Task to carry out
Starting with the line that contains "Citroen C5 Supporto", copy each line exactly through the end of the listing, and omit all pictures.

Supplied data
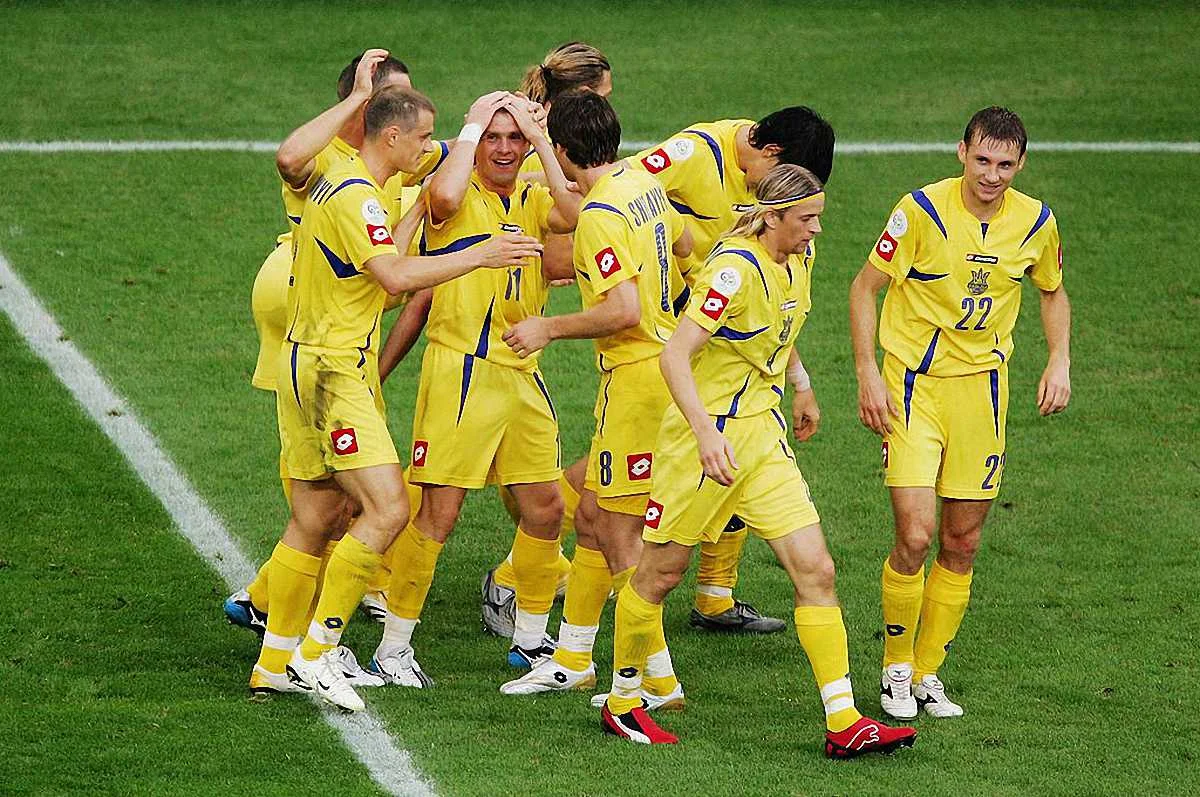 Збірна України святкує гол Реброва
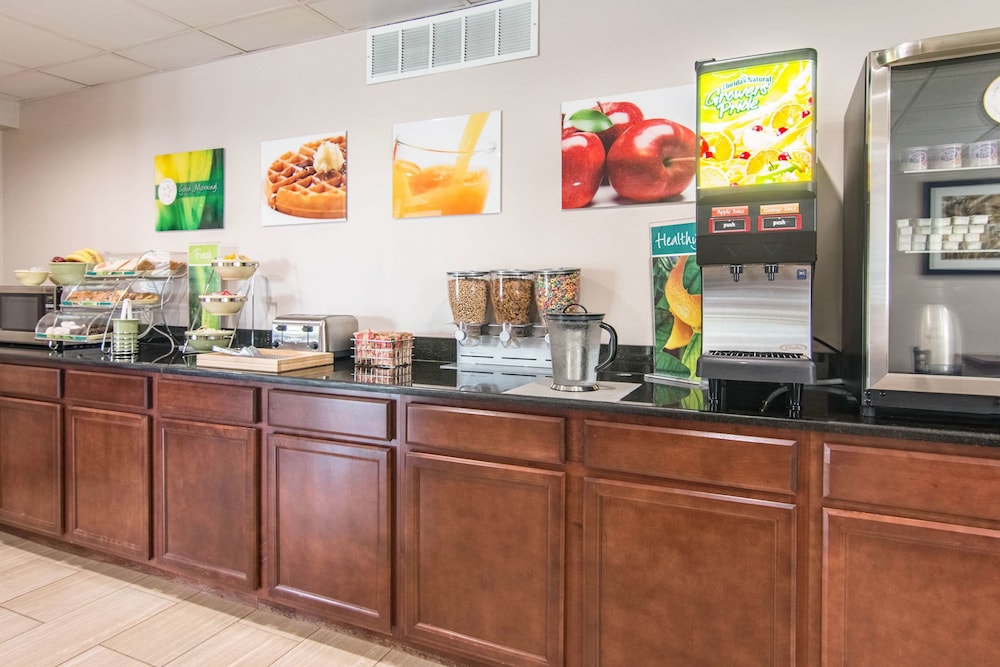 Quality Inn Foristell, MO 42/48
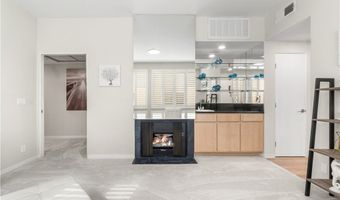 1927 Glendon 301, Los Angeles, CA 90025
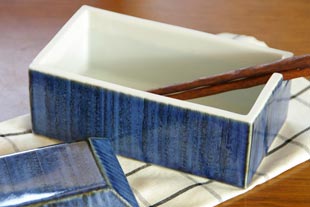 砥部焼・梅山窯　藍色のバターケースにお箸を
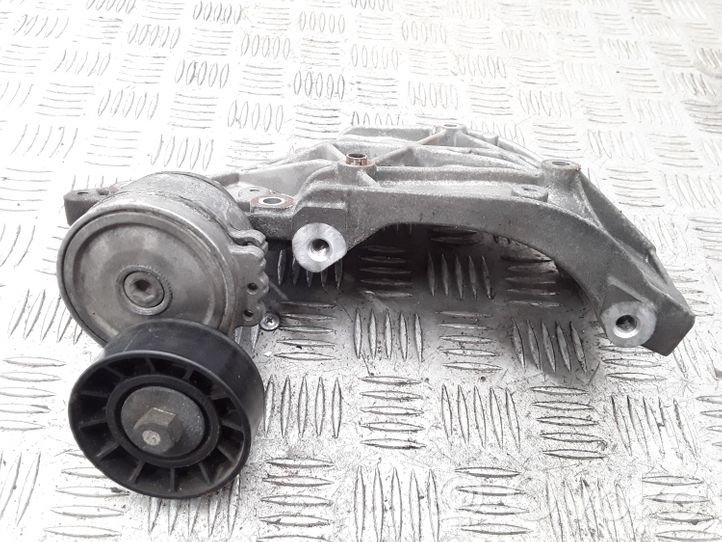 Citroen C5 Supporto del generatore/alternatore 9682367380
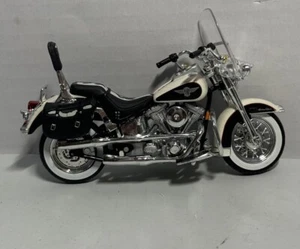 Maisto - 1:18 scale - Harley Davidson - 1993 FLSTN Heritage Softail - Nostalgia - Picture 1 of 3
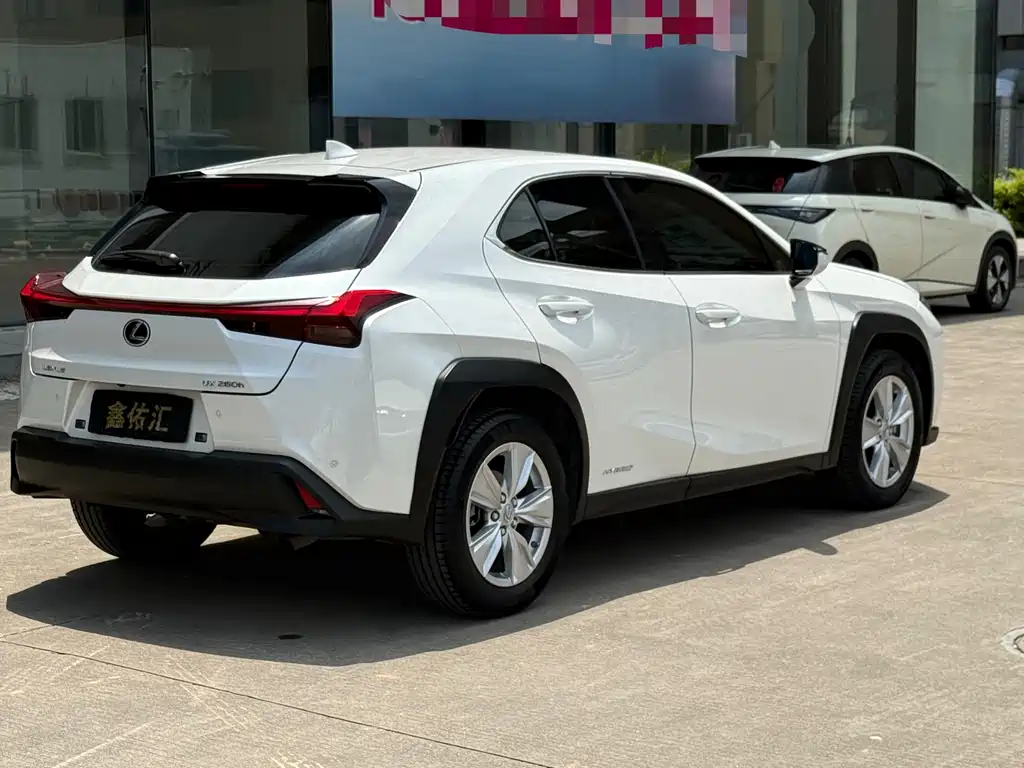 Lexus UX 2022 — фото 9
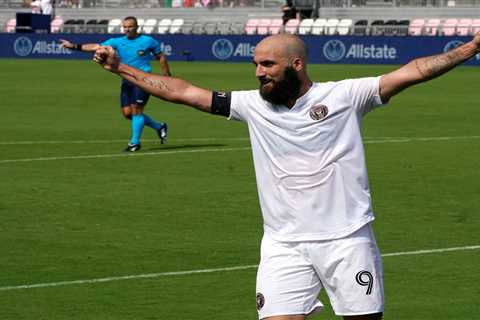 Ex-Chelsea striker Higuain unveils dramatic new look for Inter Miami after shaving off hair and..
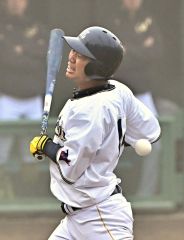 【決勝・まんぼうクラブ―ミスターラック】まんぼうクラブは最終回、２死満塁から新岡佳祐が死球を受け６－６の同点に追いつく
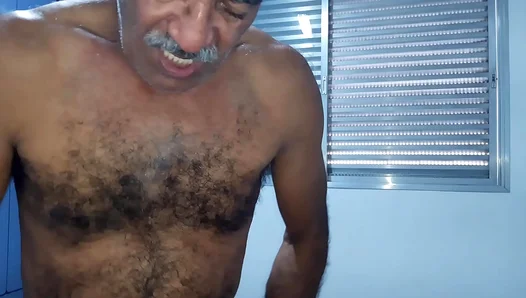 Buff Black Daddies Dominate — Bearded Hunks Trade Throbbing Loads – 18+
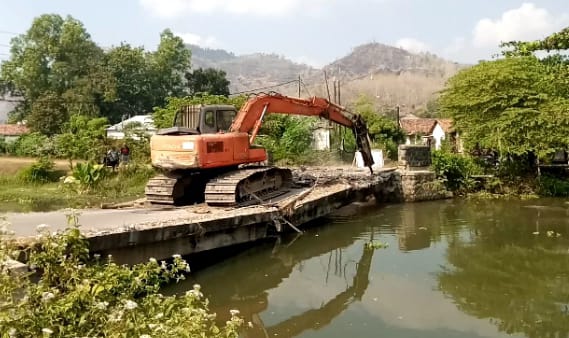 Dinas PUPR Tulungagung Realisasi Pembagunan Jembatan Desa Junjung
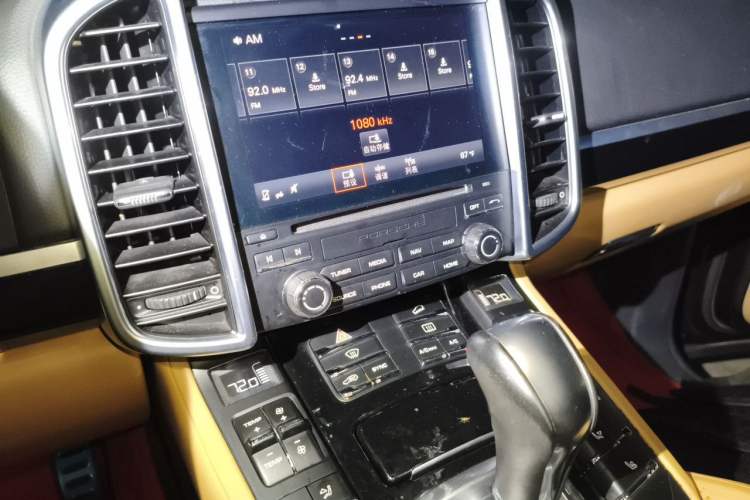 Used Porsche Cayenne 2016 Cayenne 3.0T Audio And AC Panel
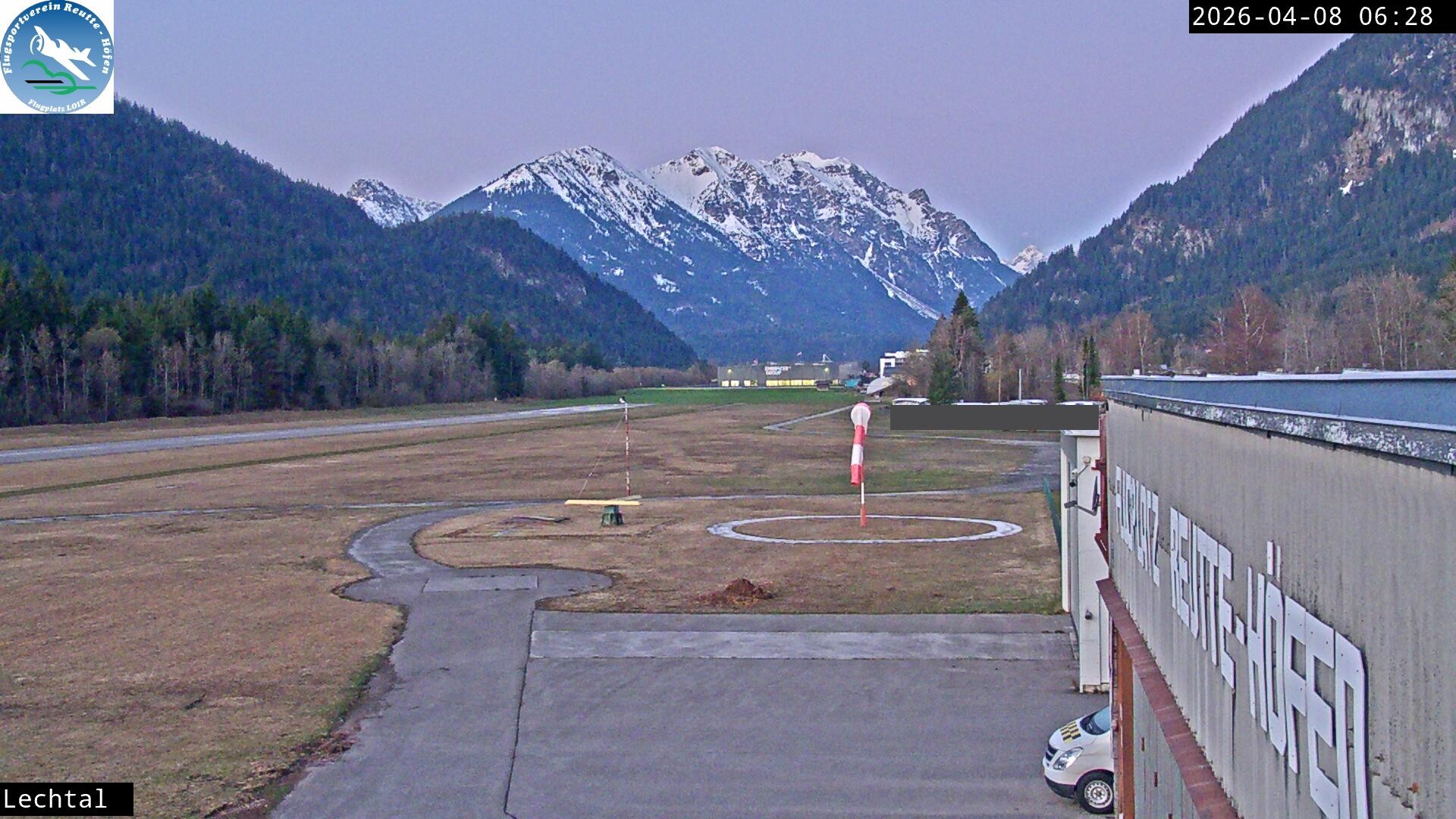 Archived image Webcam Hoefen airport, Tyrol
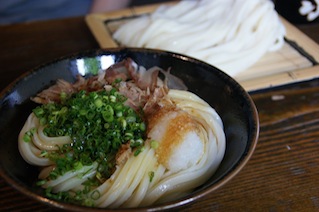 『わら家』生しょうゆうどん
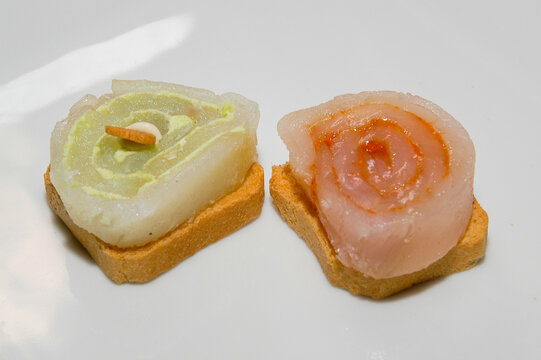 Roulet de bacalao al pil-pil Roulet de bacalao la bizkaina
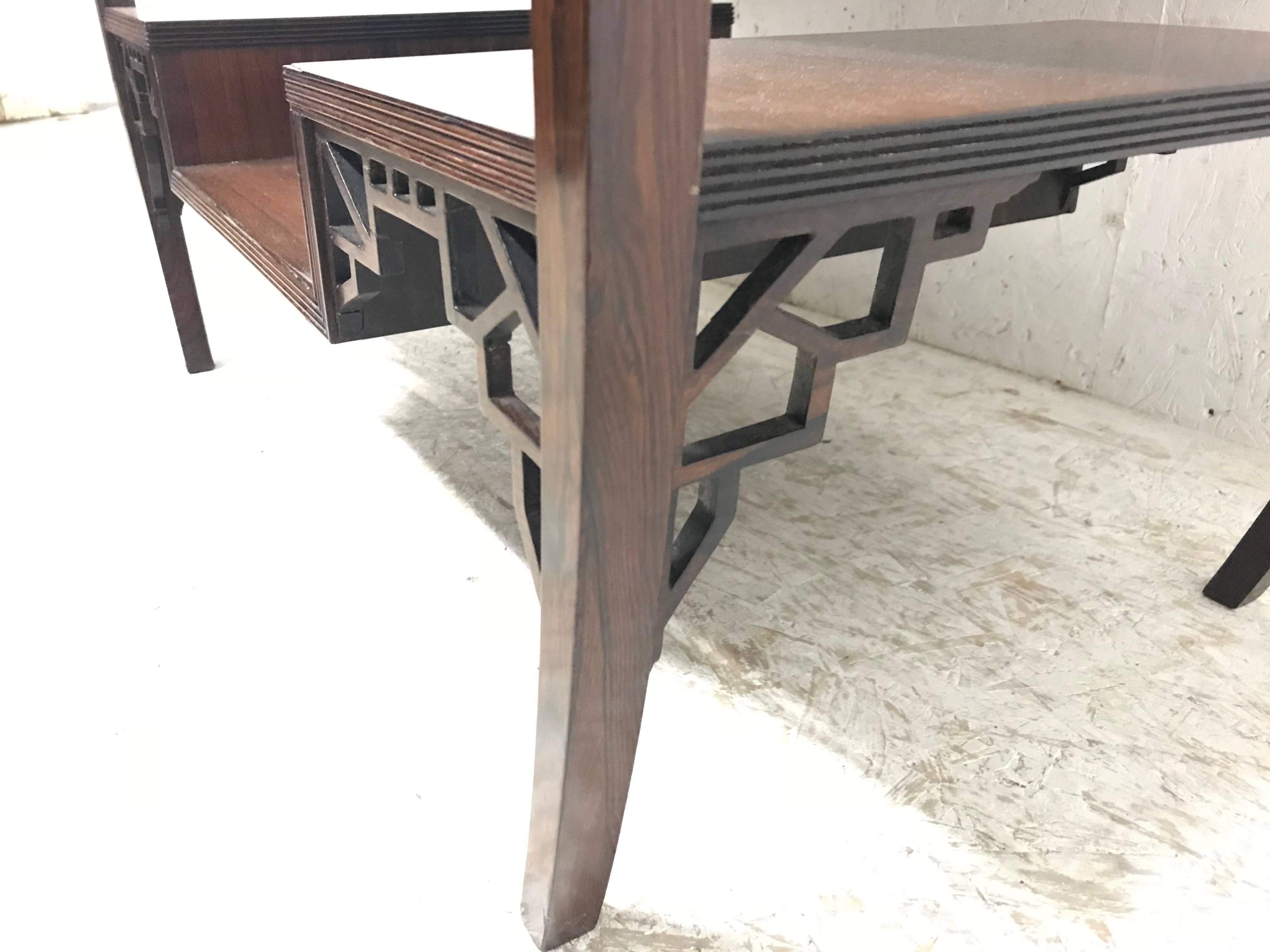 E W Godwin Fabricada por Collinson & Lock una excepcional mesa anglojaponesa de palisandro en venta 6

Expected answer
 Citroen C5 Supporto del generatore/alternatore 9682367380
 Maisto - 1:18 scale - Harley Davidson - 1993 FLSTN Heritage Softail - Nostalgia - Picture 1 of 3
 Lexus UX 2022 — фото 9
 Ex-Chelsea striker Higuain unveils dramatic new look for Inter Miami after shaving off hair and..
 【決勝・まんぼうクラブ―ミスターラック】まんぼうクラブは最終回、２死満塁から新岡佳祐が死球を受け６－６の同点に追いつく
 Buff Black Daddies Dominate — Bearded Hunks Trade Throbbing Loads – 18+
 Dinas PUPR Tulungagung Realisasi Pembagunan Jembatan Desa Junjung
 Used Porsche Cayenne 2016 Cayenne 3.0T Audio And AC Panel
 Archived image Webcam Hoefen airport, Tyrol
 『わら家』生しょうゆうどん
 Roulet de bacalao al pil-pil Roulet de bacalao la bizkaina
 E W Godwin Fabricada por Collinson & Lock una excepcional mesa anglojaponesa de palisandro en venta 6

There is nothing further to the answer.